Newspaper could move
The deal means the Observer is no longer anchored by its presses to a building that Caulkins said no longer meets its needs. The newspaper occupies 9.3 acres spread across several parcels uptown.
The main building at 600 S. Tryon St., built in 1971, has more than 360,000 square feet and was assigned a tax value of nearly $21 million during the 2011 Mecklenburg property revaluation. The tax value of all the properties, including parking lots and a warehouse, totals $45.3 million.
Caulkins said the new printing arrangement makes it possible for the newspaper to move its offices to another site, preferably in or near uptown.

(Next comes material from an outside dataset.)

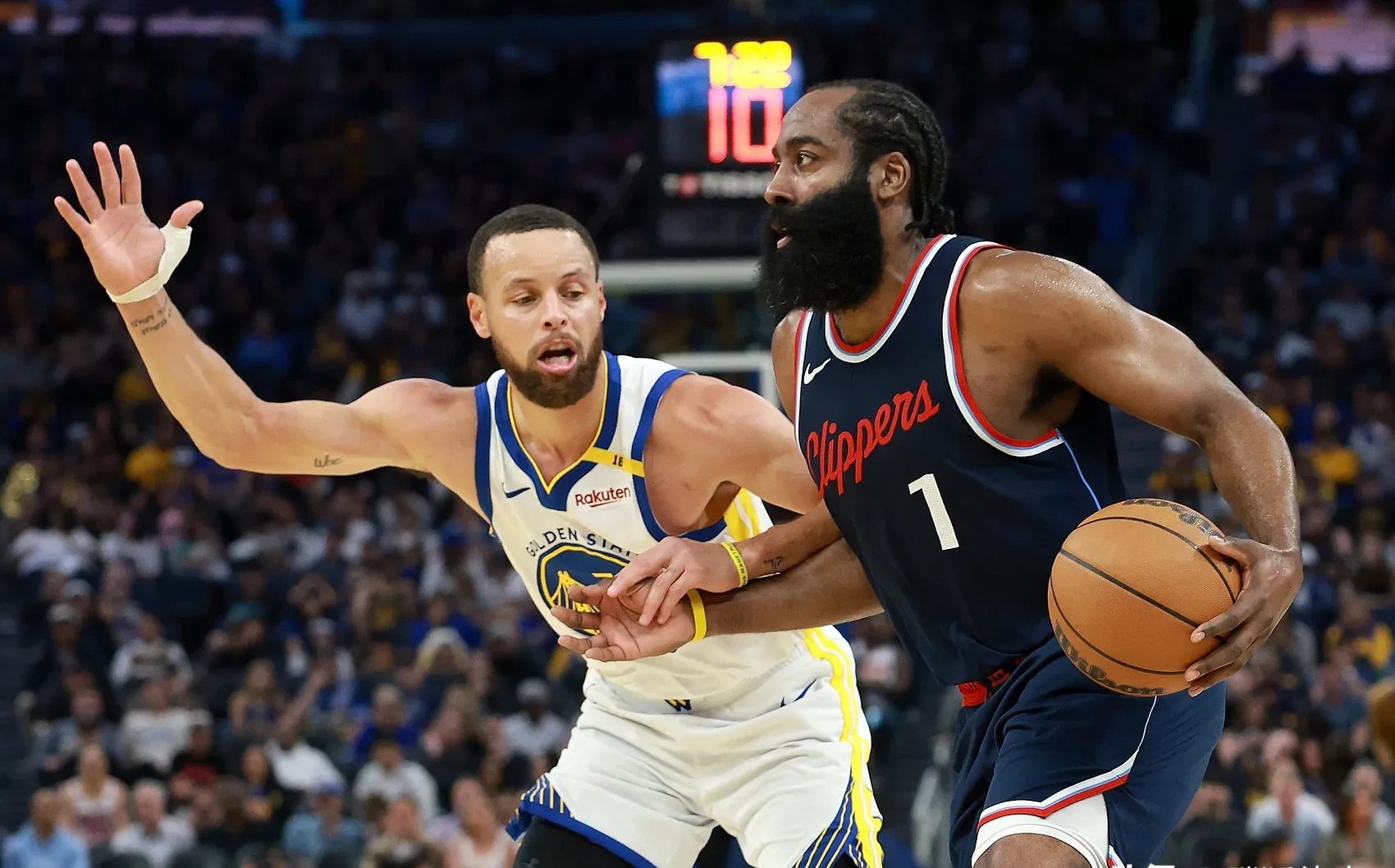 哈登率队5人得分上双火箭客场险胜森林狼！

“This was set up for the old school newspaper. We’re a digital company now, and our next offices will reflect what we need to be – the digital company of the future,” she said.

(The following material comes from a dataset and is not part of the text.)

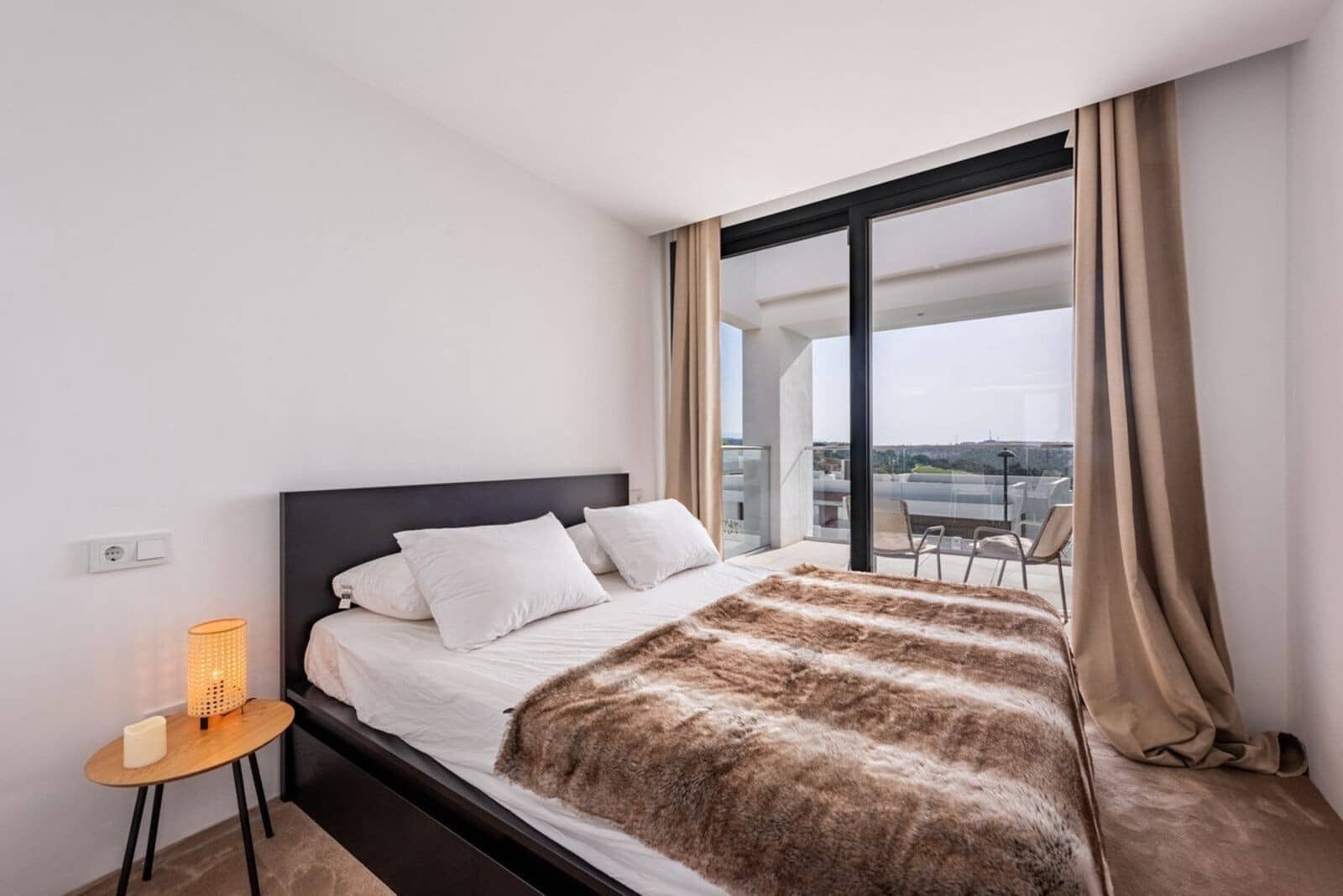 3 bedroom Villa for sale in Estepona with pool garage - € 1,440,000 (Ref: 9772914)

The Observer, like other newspapers around the country, has reduced its workforce in recent years amid falling print advertising revenues in the digital era. Caulkins acknowledged the building has a significant amount of unused space.
But Caulkins said that despite the recent struggles of newspapers, the Observer has more readers than ever, with more than 842,000 reading stories each week in print and online. She added that the dual nature of the newspaper’s work – in print and online – requires an overhaul of its workplace.
The Observer wouldn’t be the first newspaper in recent years to move as part of a modernization effort. The Miami Herald earlier this year left its high-profile property on Biscayne Bay for new offices 12 miles away after a development group offered $236 million for the 14-acre property. The new offices feature multimedia walls and an open, continuous news desk.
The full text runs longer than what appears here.